__Exercise details__. Each line in the material below, starting at the one with "Hello and welcome" and ending at the one with "Their Endpoints will", is to be reproduced exactly; no picture is to be copied.

__Data to examine__.
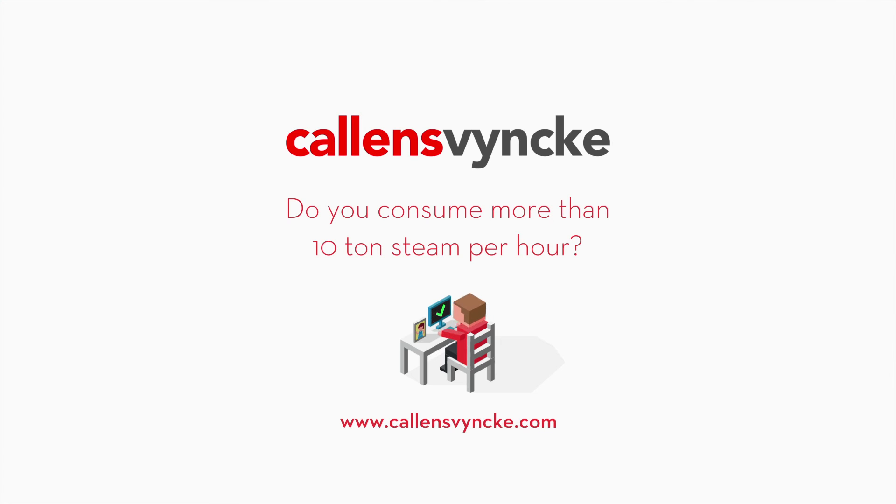Do you consume more than 10 tons steam per hour? Contact Kalinsvinka.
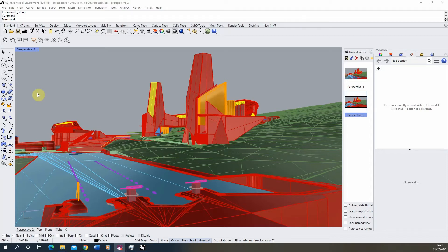Hello and welcome to this video tutorial on creating PBR materials in Rhino 7. This video follows on from the previous video that looked at setting up environmental lighting for a render within Rhino 7, and we're now going to be creating specific materials for the objects in our scene.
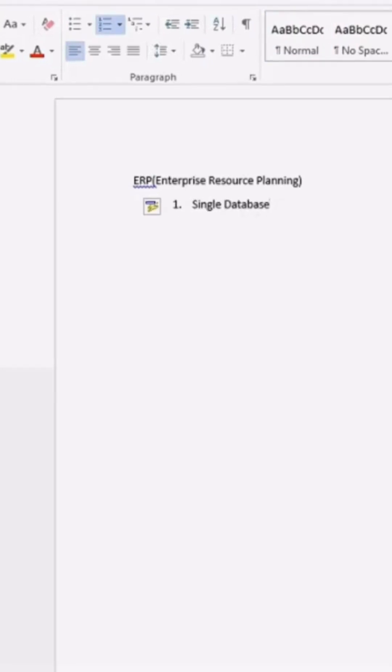Single database means, let's say for example, I have an organization. And in my organization, let's say I have an HR department, I have a sales department, I have a marketing department, I have a customer department.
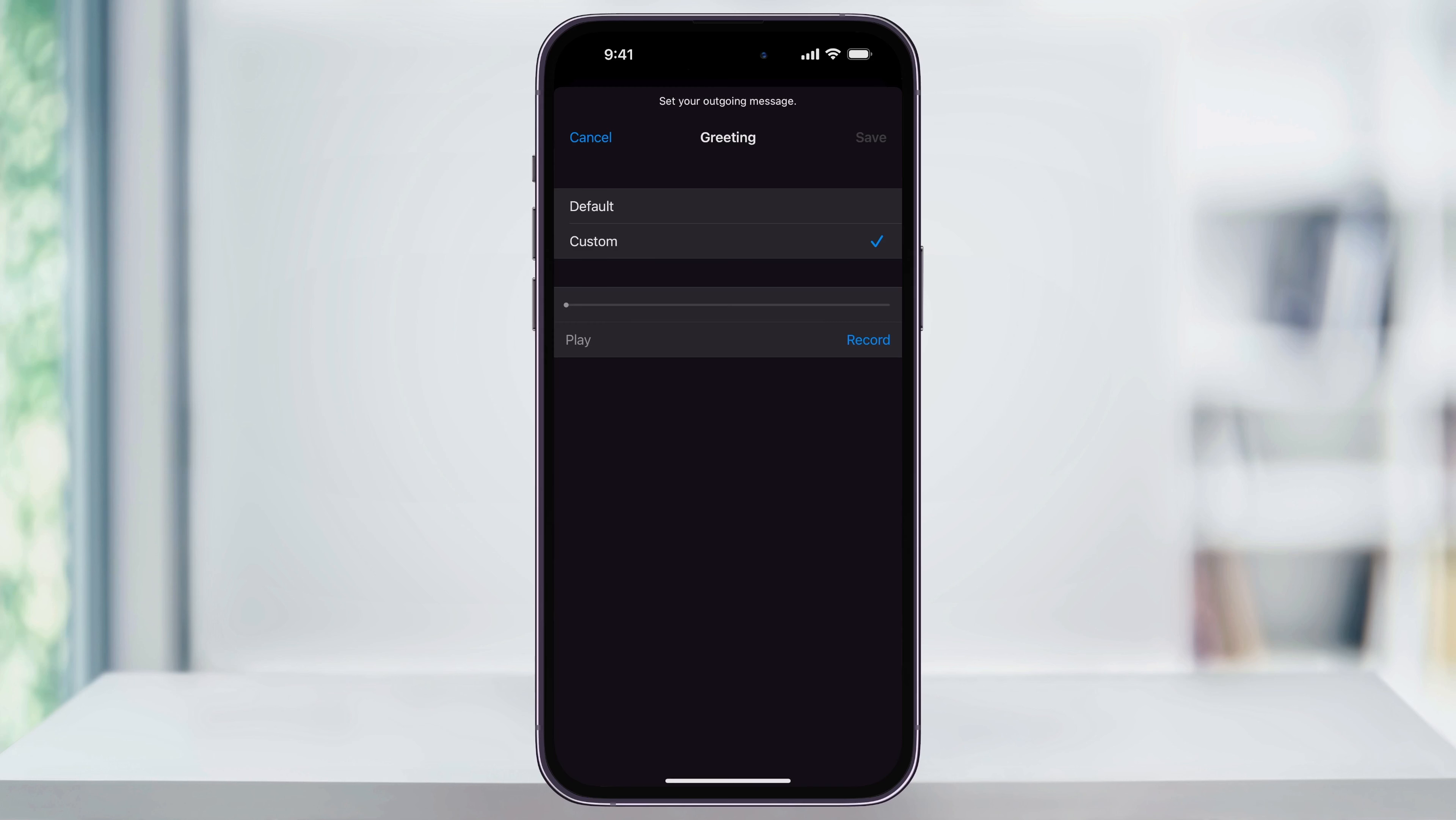This will then bring up your current voicemail greeting settings. If it's set to custom, that means that you've recorded one in the past. You can either press play to listen to it, or you can press record to record a new one.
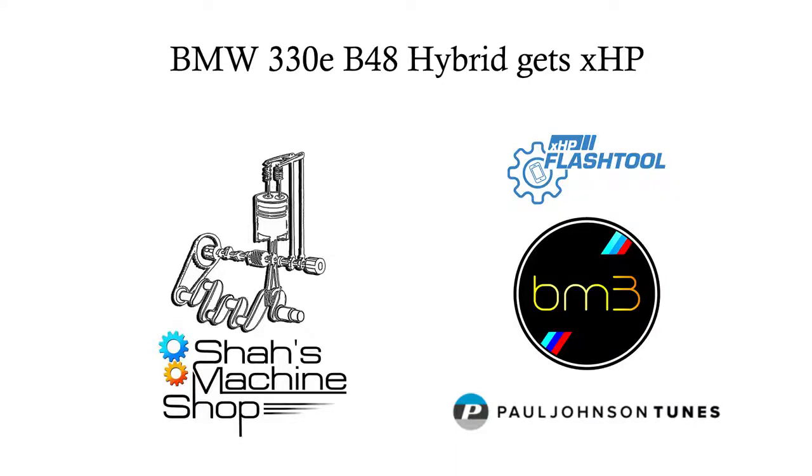Good day guys, today we're going to be installing an XHP Stage 3 on a BMW 32TE hybrid.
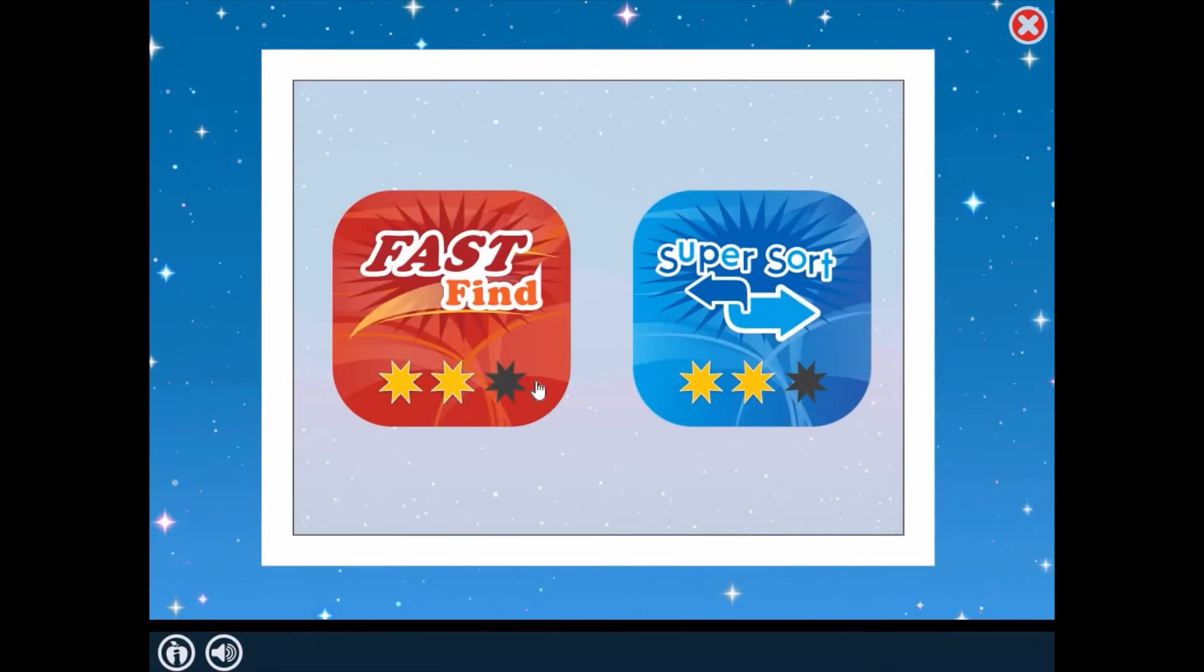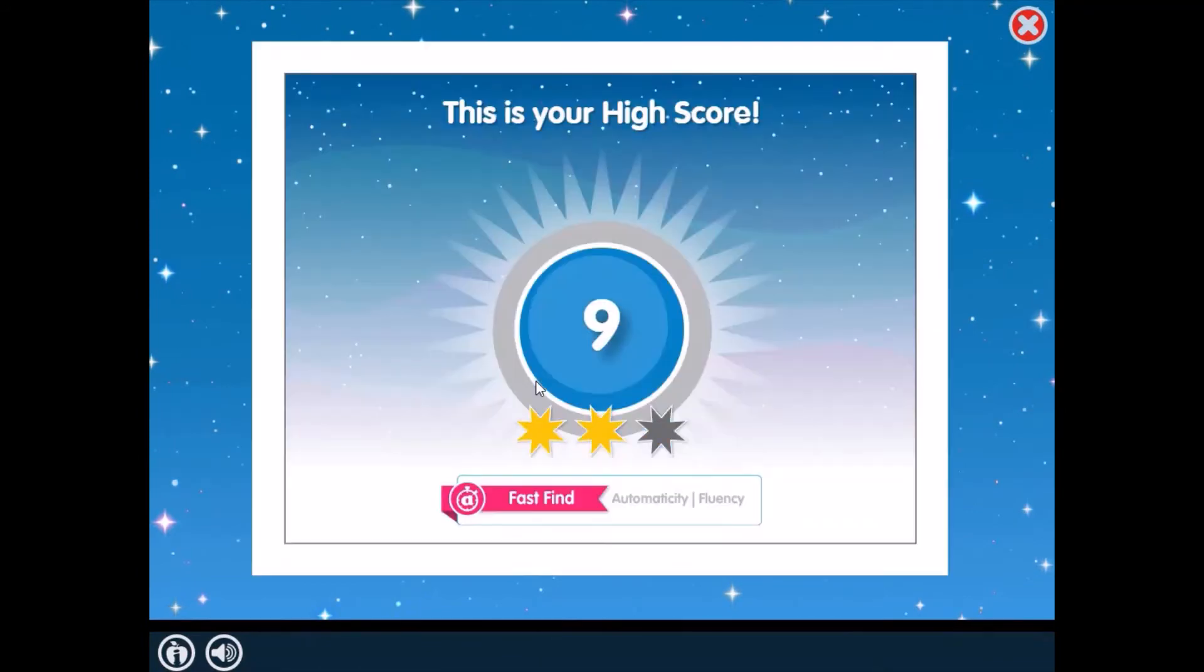Get ready to warm up. This is your high score. Now try to beat it.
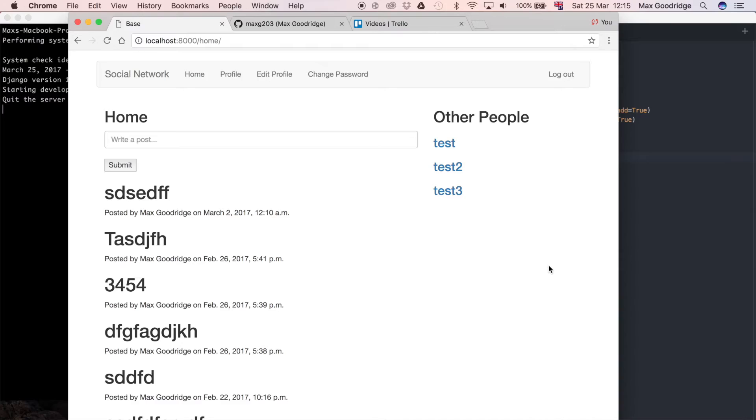Welcome back to the 56th part in this Python series on the Django Web Framework. In this one we're going to carry on talking about many-to-many relationships and incorporate that into our site to hopefully give us the functionality to more easily generate our friends list. Let's get started by thinking about how we're going to implement the friends list using the many-to-many relationship.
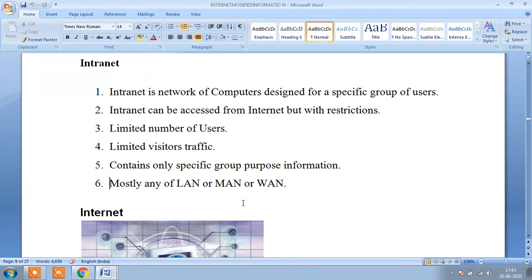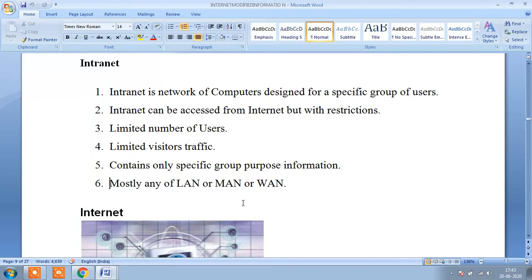Intranet is a network of computers designed for a specific group of users. Intranet is designed just for a group of people, just for group of information sharing. Only information on a particular group should be shared.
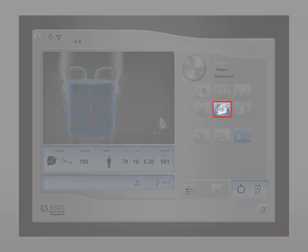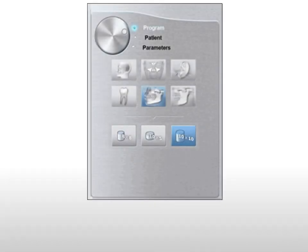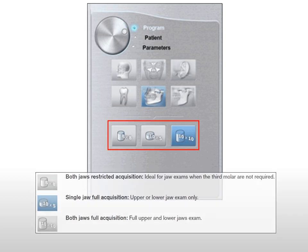Begin by selecting the jaw focus program pane option. Next, select the 3D volume size to be included in the exam. Upper and lower jaw have the same setting and are designated during patient positioning. Use the 8x8 setting for dual jaw restricted acquisition, ideal for jaw exams when third molars are not required. Use the 10x5 setting for single jaw full acquisition, and the 10x10 setting for dual jaw full acquisition.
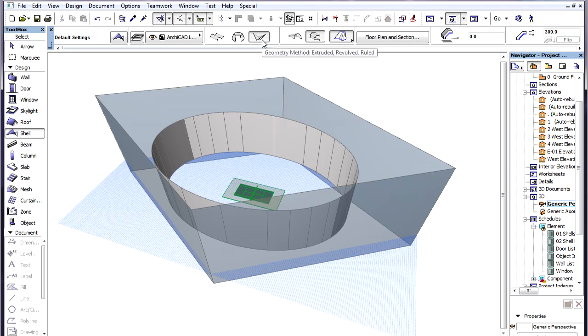Their Endpoints will be used for the definition of the Nodes of the Profile Polygons. We use the Shell tool using the Rule Geometry method and the Detailed Construction method.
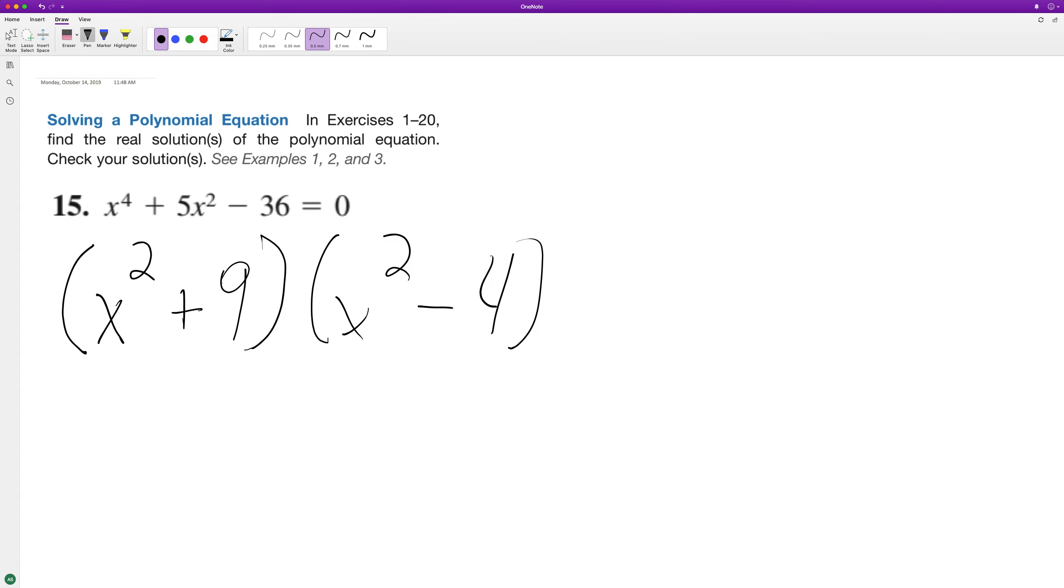All right, so we have these, so it looks like we want all real solutions. So even though x squared, if we had 3i, it would cancel that out, but that's not a real solution. So it's all going to come from here.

__Answer__.
Hello and welcome to this video tutorial on creating PBR materials in Rhino 7. This video follows on from the previous video that looked at setting up environmental lighting for a render within Rhino 7, and we're now going to be creating specific materials for the objects in our scene.
Single database means, let's say for example, I have an organization. And in my organization, let's say I have an HR department, I have a sales department, I have a marketing department, I have a customer department.
This will then bring up your current voicemail greeting settings. If it's set to custom, that means that you've recorded one in the past. You can either press play to listen to it, or you can press record to record a new one.
Good day guys, today we're going to be installing an XHP Stage 3 on a BMW 32TE hybrid.
Get ready to warm up. This is your high score. Now try to beat it.
Welcome back to the 56th part in this Python series on the Django Web Framework. In this one we're going to carry on talking about many-to-many relationships and incorporate that into our site to hopefully give us the functionality to more easily generate our friends list. Let's get started by thinking about how we're going to implement the friends list using the many-to-many relationship.
Intranet is a network of computers designed for a specific group of users. Intranet is designed just for a group of people, just for group of information sharing. Only information on a particular group should be shared.
Begin by selecting the jaw focus program pane option. Next, select the 3D volume size to be included in the exam. Upper and lower jaw have the same setting and are designated during patient positioning. Use the 8x8 setting for dual jaw restricted acquisition, ideal for jaw exams when third molars are not required. Use the 10x5 setting for single jaw full acquisition, and the 10x10 setting for dual jaw full acquisition.
Their Endpoints will be used for the definition of the Nodes of the Profile Polygons. We use the Shell tool using the Rule Geometry method and the Detailed Construction method.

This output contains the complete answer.